--- Data under study Enclosed Below ---

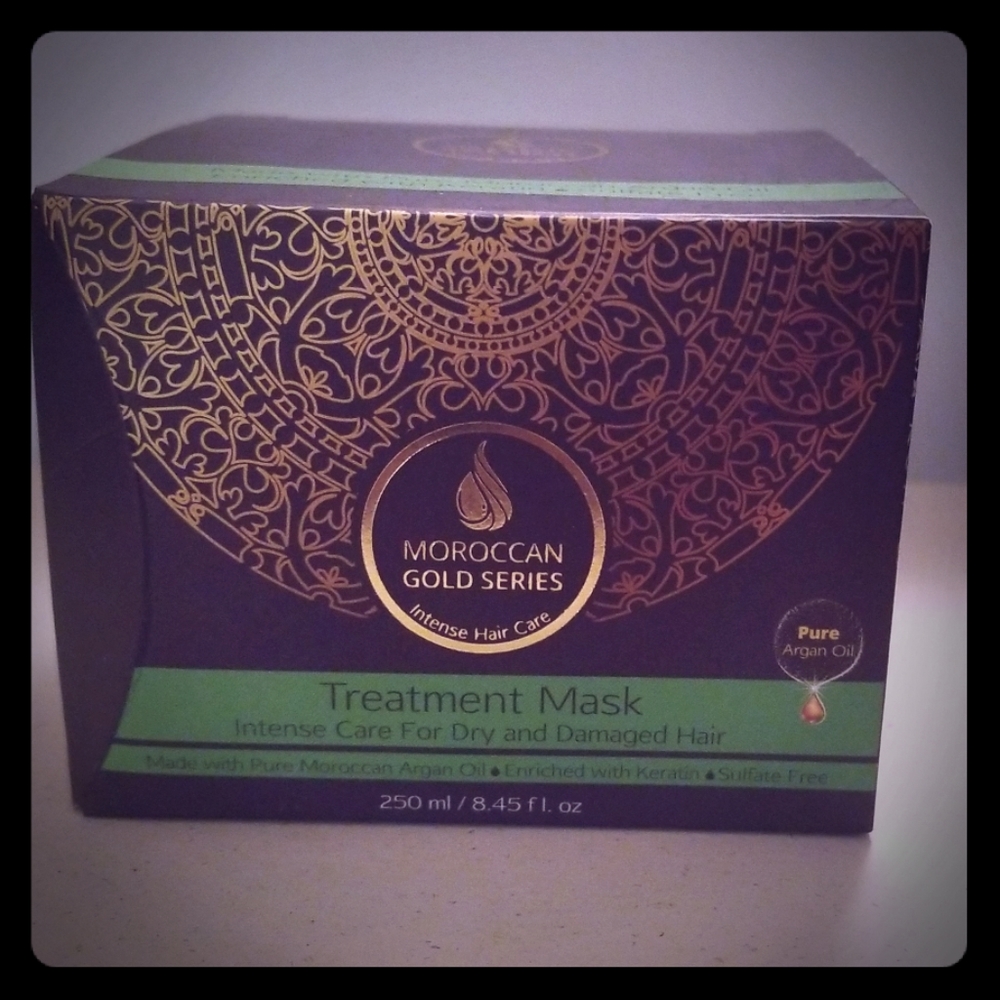 Hair treatment mask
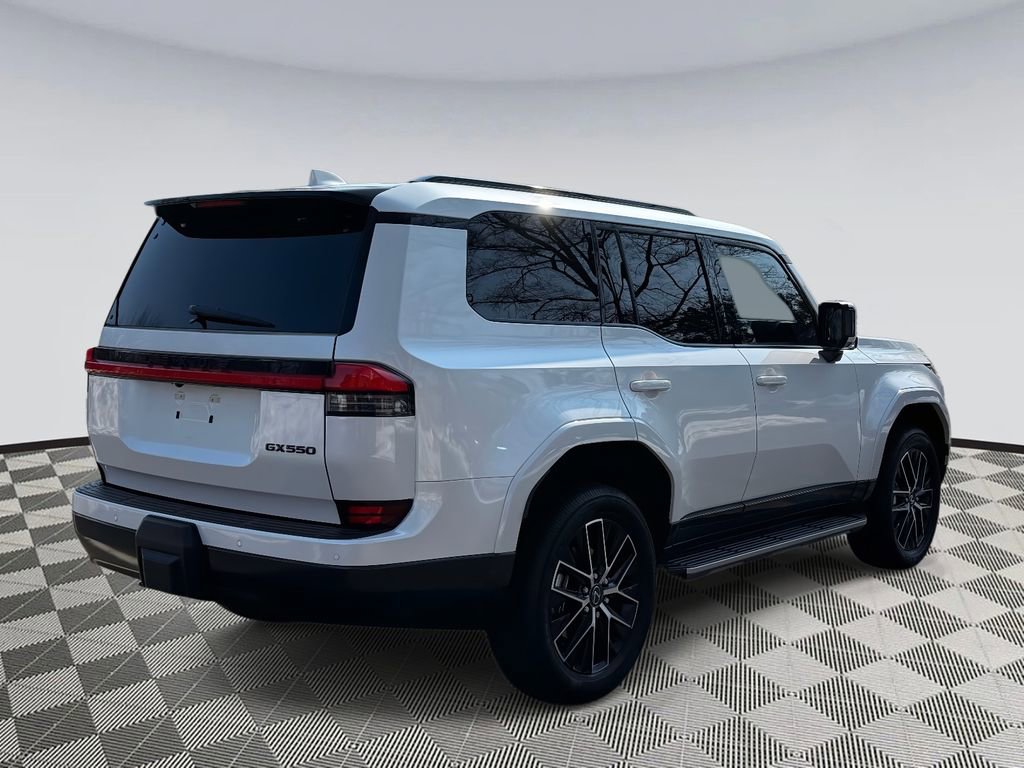 Used 2024 Lexus GX 550 w/ Accessory Package (Z1) image 2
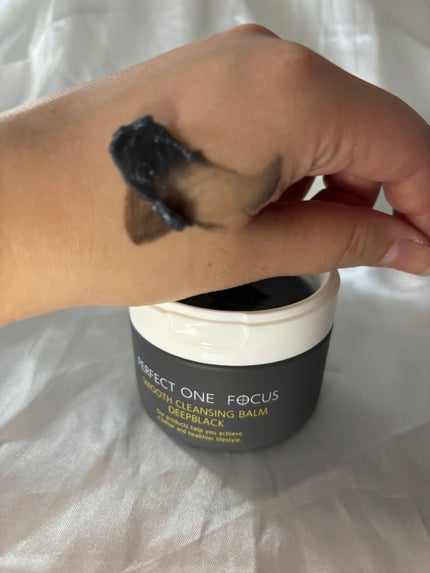 パーフェクトワンフォーカス スムースクレンジングバーム ディープブラック/PERFECT ONE FOCUS/クレンジングバームを使ったクチコミ(4枚目)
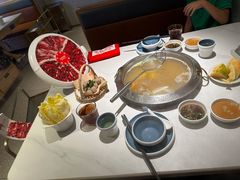 牛骨原汤锅-左庭右院鲜牛肉火锅(新梅广场店)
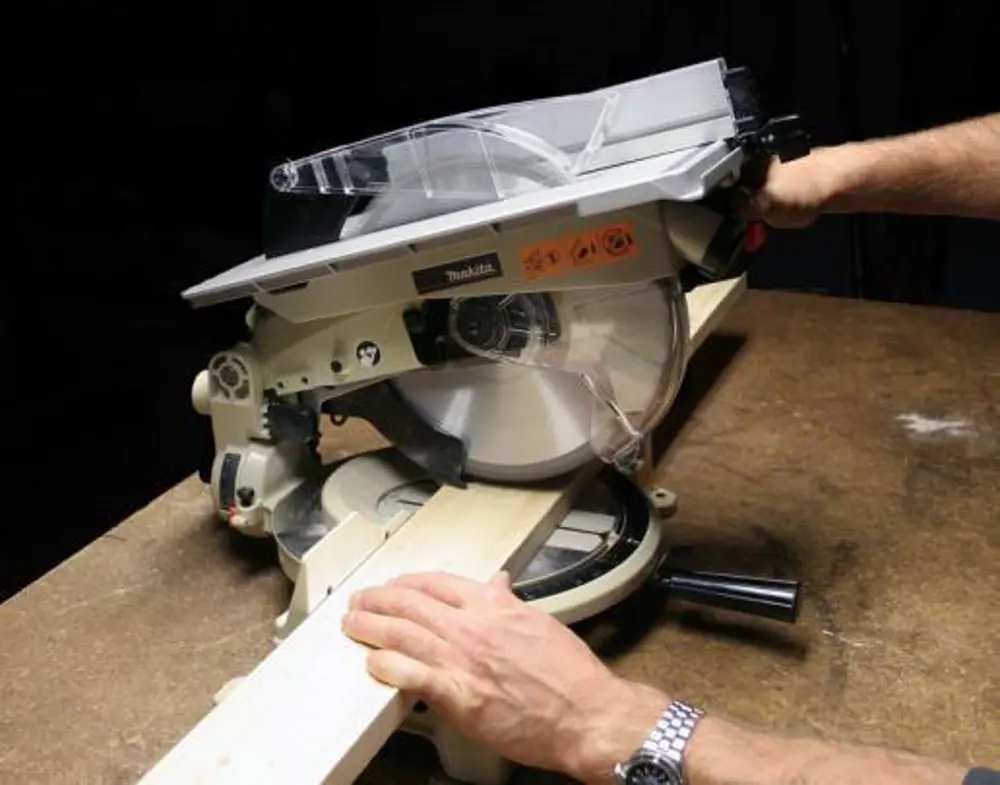 Makita LH1040 Gönye Kesme Tezgahı Üst Tablalı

--- End of Enclosed Data under study ---

Give an exact copy of the material, leaving out every picture.

 Hair treatment mask
 Used 2024 Lexus GX 550 w/ Accessory Package (Z1) image 2
 パーフェクトワンフォーカス スムースクレンジングバーム ディープブラック/PERFECT ONE FOCUS/クレンジングバームを使ったクチコミ(4枚目)
 牛骨原汤锅-左庭右院鲜牛肉火锅(新梅广场店)
 Makita LH1040 Gönye Kesme Tezgahı Üst Tablalı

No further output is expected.